-- Dataset extract --
==========
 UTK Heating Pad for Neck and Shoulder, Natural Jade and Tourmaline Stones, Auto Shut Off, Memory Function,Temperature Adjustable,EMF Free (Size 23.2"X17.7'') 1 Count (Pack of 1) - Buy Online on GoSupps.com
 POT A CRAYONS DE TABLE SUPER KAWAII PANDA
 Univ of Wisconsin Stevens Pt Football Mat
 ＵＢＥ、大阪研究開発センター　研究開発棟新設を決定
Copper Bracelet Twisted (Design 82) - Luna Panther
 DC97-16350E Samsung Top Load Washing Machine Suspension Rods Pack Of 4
==========
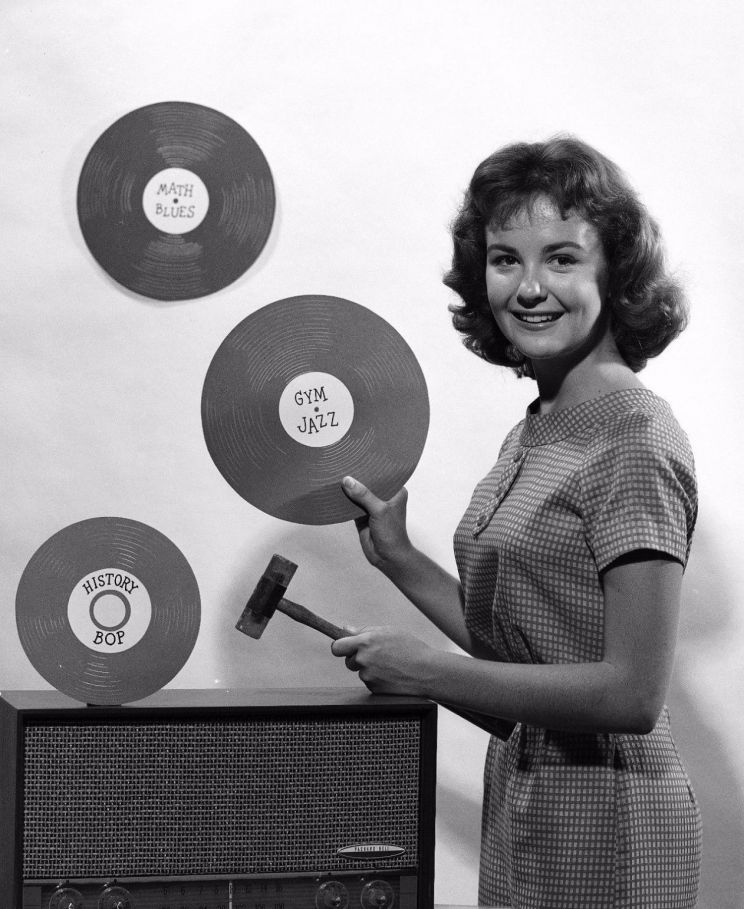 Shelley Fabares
==========
Send back exactly the lines of the listing above starting at the one with "POT A CRAYONS DE TABLE SUPER KAWAII PANDA" and ending at the one with "DC97-16350E Samsung Top", inclusive, and no others.

 POT A CRAYONS DE TABLE SUPER KAWAII PANDA
 Univ of Wisconsin Stevens Pt Football Mat
 ＵＢＥ、大阪研究開発センター　研究開発棟新設を決定
Copper Bracelet Twisted (Design 82) - Luna Panther
 DC97-16350E Samsung Top Load Washing Machine Suspension Rods Pack Of 4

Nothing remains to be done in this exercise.